### Exercise instructions
Starting at the line that contains "A row of translucent, glowing" and ending at the line that contains "Buddha Stones Sit", the lines below are to be given again exactly, with nothing added.

※ ※ ※

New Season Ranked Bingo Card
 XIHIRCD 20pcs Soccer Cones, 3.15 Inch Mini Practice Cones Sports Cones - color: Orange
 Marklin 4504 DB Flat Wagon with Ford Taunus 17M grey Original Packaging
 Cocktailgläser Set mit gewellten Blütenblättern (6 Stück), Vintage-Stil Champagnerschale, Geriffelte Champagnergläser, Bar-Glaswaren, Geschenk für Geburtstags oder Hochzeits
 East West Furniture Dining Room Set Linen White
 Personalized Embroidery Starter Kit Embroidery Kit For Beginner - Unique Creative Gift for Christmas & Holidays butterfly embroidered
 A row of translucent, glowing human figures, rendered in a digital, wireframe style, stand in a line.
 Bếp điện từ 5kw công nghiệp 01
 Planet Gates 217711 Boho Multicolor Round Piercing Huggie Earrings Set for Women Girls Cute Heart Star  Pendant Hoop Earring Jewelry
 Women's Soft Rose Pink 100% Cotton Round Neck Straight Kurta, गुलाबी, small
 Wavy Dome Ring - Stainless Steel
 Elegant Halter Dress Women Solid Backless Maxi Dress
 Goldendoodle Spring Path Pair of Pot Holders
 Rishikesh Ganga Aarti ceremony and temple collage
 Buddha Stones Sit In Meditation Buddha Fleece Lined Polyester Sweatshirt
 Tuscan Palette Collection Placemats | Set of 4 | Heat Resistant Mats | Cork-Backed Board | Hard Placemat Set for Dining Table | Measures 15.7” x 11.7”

※ ※ ※

### Written response
 A row of translucent, glowing human figures, rendered in a digital, wireframe style, stand in a line.
 Bếp điện từ 5kw công nghiệp 01
 Planet Gates 217711 Boho Multicolor Round Piercing Huggie Earrings Set for Women Girls Cute Heart Star  Pendant Hoop Earring Jewelry
 Women's Soft Rose Pink 100% Cotton Round Neck Straight Kurta, गुलाबी, small
 Wavy Dome Ring - Stainless Steel
 Elegant Halter Dress Women Solid Backless Maxi Dress
 Goldendoodle Spring Path Pair of Pot Holders
 Rishikesh Ganga Aarti ceremony and temple collage
 Buddha Stones Sit In Meditation Buddha Fleece Lined Polyester Sweatshirt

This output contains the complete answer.